Subject: Re: Corrupt data when reading filesystems under Linux guest
To: None <port-xen@NetBSD.org>
From: Jed Davis <jdev@panix.com>
List: port-xen
Date: 06/09/2005 00:46:34
In article <200506062108.j56L8gG23306@panix5.panix.com>,
<marcotte@panix.com> wrote:
>
> xbdback op 0 req_cons 0xcd40 req_prod 0xcd47/0x7 resp_prod 0xcd40/0x0
> xbdback_io domain 2: frame_and_sects[0]=0x27f68000
> xbdback_io domain 2: frame_and_sects[1]=0x27f68009
> xbdback_io domain 2: frame_and_sects[2]=0x27f68012
> xbdback_io domain 2: frame_and_sects[3]=0x27f6801b
> xbdback_io domain 2: frame_and_sects[4]=0x27f68024
> xbdback_io domain 2: frame_and_sects[5]=0x27f6802d
> xbdback_io domain 2: frame_and_sects[6]=0x27f68036
> xbdback_io domain 2: frame_and_sects[7]=0x27f6803f
> xbdback_io domain 2: frame_and_sects[8]=0x27f67000
> xbdback_io domain 2: frame_and_sects[9]=0x27f67009
> xbdback_io domain 2: frame_and_sects[10]=0x27f67012
> xbdback_io domain 2: start sect 1 start 0 size 5632
> xbdback_io domain 2: start request
While I know very little about the innards of Xen, it looks to me, from
reading xbdback_io(), as if it's assuming that all of the elements of
frame_and_sects will specify consecutive areas of... um... it looks like
memory after some sort of mapping operation. This bit in particular:
572 start_offset =
573 blkif_first_sect(req->frame_and_sects[0]) * VBD_BSIZE;
574 req_size = blkif_last_sect(req->frame_and_sects[0]) -
575 blkif_first_sect(req->frame_and_sects[0]) + 1;
576 XENPRINTF(("xbdback_io domain %d: frame_and_sects[0]=0x%lx\n",
577 xbdi->domid, req->frame_and_sects[0]));
578 for (i = 1; i < req->nr_segments; i++) {
579 XENPRINTF(("xbdback_io domain %d: frame_and_sects[%d]=0x%lx\n",
580 xbdi->domid, i, req->frame_and_sects[i]));
581 req_size += blkif_last_sect(req->frame_and_sects[i]) -
582 blkif_first_sect(req->frame_and_sects[i]) + 1;
583 }
and this bit lower down:
608 xbd_req->rq_buf.b_blkno = req->sector_number;
609 xbd_req->rq_buf.b_bcount = (daddr_t)req_size;
610 xbd_req->rq_buf.b_data = (void *)start_offset;
suggest that if the next segment doesn't pick up where the last one
left off, the wrong thing will be done.
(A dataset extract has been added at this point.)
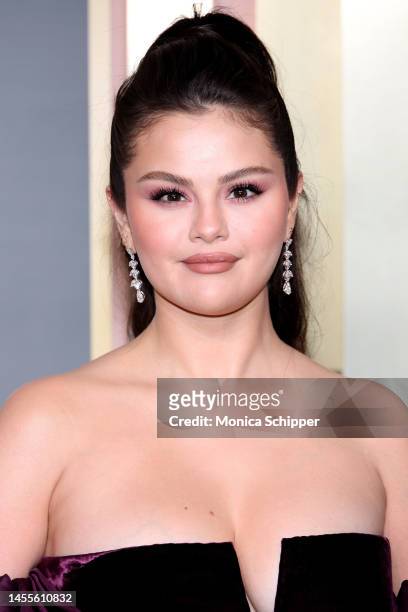 Selena Gomez attends the 80th Annual Golden Globe Awards at The Beverly Hilton on January 10, 2023 in Beverly Hills, California.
However, that's not the
problem here, as a look at the frame_and_sects in the quoted log
shows. Fortunately, I'm not done yet; this, in xbdback_map_shm (also in
arch/xen/xen/xbdback.c):
788 for (i = 0; i < req->nr_segments; i++) {
789 xbd_req->rq_ma[i] = (req->frame_and_sects[i] & ~PAGE_MASK);
790 }
791 return xen_shm_map(xbd_req->rq_ma, req->nr_segments,
792 xbd_req->rq_xbdi->domid, &xbd_req->rq_vaddr, 0);
and this, in xen_shm_map (in arch/xen/i386/xen_shm_machdep.c):
156 for (i = 0; i < nentries; i++, new_va_pg++) {
157 mcl[i].op = __HYPERVISOR_update_va_mapping_otherdomain;
158 mcl[i].args[0] = new_va_pg;
159 mcl[i].args[1] = ma[i] | remap_prot;
160 mcl[i].args[2] = 0;
161 mcl[i].args[3] = domid;
suggest to me that something decidedly wrong will happen if a frame
number is repeated in the scatter/gather array; namely, that it will
map the same physical page into multiple successive virtual pages, or
something along those lines, then transfer to/from some contiguous
virtual address range, thus causing some the transfer to get sent
to/from the wrong place in the wrong page, and also leaving other parts
of the guest's buffer untouched.
Which, conveniently, matches what I was seeing with hexdump: some blocks
showing up in the wrong order, other blocks being replaced with random
kernel memory on read, and all of this being rather nondeterministic --
i.e., I could dd off the first 256 sectors of the guest's /dev/hdc1 and
pipe that to "openssl sha1", 100 times, and get 90-odd different hashes.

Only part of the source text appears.